KEY RATING DRIVERS - VIABILITY RATINGS (VRs)
The downgrade of Privat's VR to 'ccc' from 'b-' reflects weaknesses in the bank's key financial metrics, as a result of which Fitch does not believe it is appropriate to rate the bank above the sovereign.
The bank's deposit base contracted by 21% (net of exchange rate effects) in 9M14, and the bank has utilised funding from the National Bank of Ukraine (NBU) to support is liquidity position. Highly liquid assets (cash and equivalents and short-term unencumbered interbank placements), net of wholesale repayments in the next 12 months, were equal to a moderate 14% of total customer deposits at end-10M14. Foreign currency (FC) liquidity of USD1bn at end-10M14 comfortably covered the USD200m eurobond due in September 2015, but is dependent on deposit stability.
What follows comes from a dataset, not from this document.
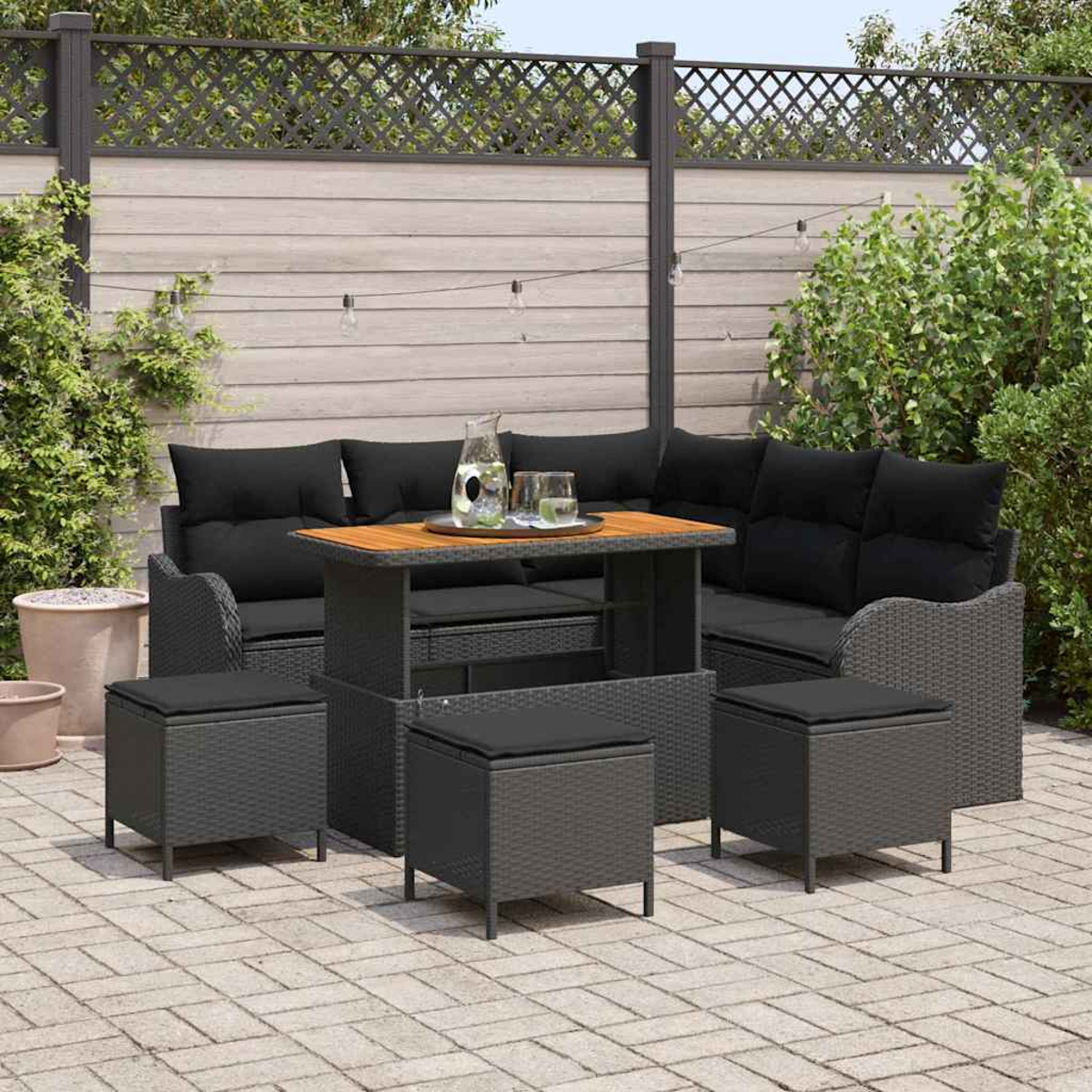 Garten-Terrassenset mit schwarzen Kissen, einem Holztisch und passenden Ottomanen. Vor einem Zaun mit Pflanzen und Lichterketten.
Pressure on capital has been considerable due to asset inflation following devaluation, and higher funding and credit risk costs, which have hit bottom line performance. The regulatory total capital ratio was 10.96% at end-3Q14 (minimum level: 10%), and the planned equity injection of UAH4bn in 4Q14-2015 (equal to 19% of current equity) will provide only moderate capital support.
Under local GAAP, Privat became loss-making on a quarterly basis in 3Q14 but still reported positive 9M14 results; pre-impairment profit, adjusted for accrued revenues not paid in cash, became negative in 1H14 IFRS. Performance will remain subdued in the near term due to continued margins pressure and further loan impairment charges.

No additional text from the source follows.